Graphic By: Raina Burusnukul

Axel Willis, Writer

Amarillo Little Theatre performed Clue on Jan. 19-29, bringing a comedic mystery to life. 

This one-act play takes place in 1954 at Body Manor, where characters filter in during the introduction. Given instructions to keep their life private, the six characters receive fake names. Once Mr. Body meets with the characters, he explains that he holds blackmail from each of their lives, who they have paid to keep secret. Mr. Body then explains that if one of them kills his butler, Wadsworth, nobody will pay to hide their blackmail anymore. Mr. Body is killed, but nobody fesses up to the crime and murders continue throughout the play. Including the cook, the maid, a man who came in to use the phone and a police officer. At the closing of the production, Wadsworth admits that he is Mr. Body, and that the one he called Mr. Body was Wadsworth. He then explains that all of them have killed someone and he called the cops on them for murder. The play proceeds to go through each character’s “ending” until all of them become arrested as the true ending.

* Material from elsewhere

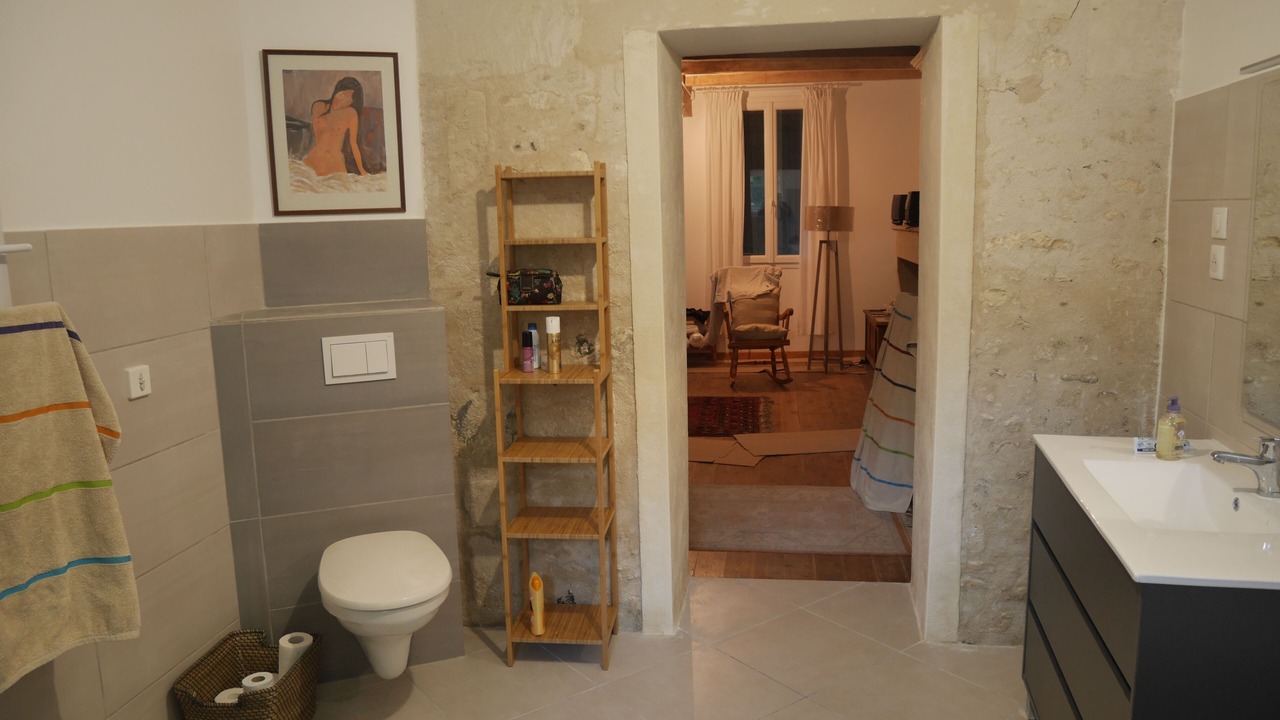 Photo of Bathroom in Courcoury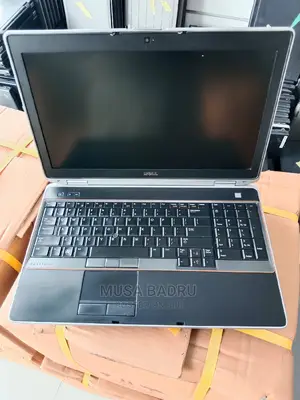 Laptop Dell Latitude E6520 4GB Intel Core I5 HDD 500GB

Throughout Clue, character development shines. Through the blackmail, the audience discovers how each character holds their own story. When the characters arrive, they begin to socialize. Though they have no understanding of why they received an invite to Body Manor, they begin to bond and tell some about their lives. This bonding continues until murder begins and characters become weary of one another. Comedic relief becomes a trend within the play. Oftentimes when the atmosphere becomes serious, a character will crack a witty joke to lighten the mood. Comedy and tension complement each other by creating a balance of tone. These features within the production keep the audience captivated.

Clue became complete with a beautiful set. When idle, the set looks like a manor. With brown walls, many doors, eerie lighting and a sign on the top that reads BM, for Body Manor. While the play moves forward, the set changes depending on the scene. The door on the right spins onto the stage, showing a lounge. The lounge can spin backstage to make it seem like the front of a manor again. 

Overall, Clue created a luring atmosphere which made audience members cling to the edge of their seat in anticipation. Due to my positive experience, I recommend attending future plays created by Amarillo Little Theatre.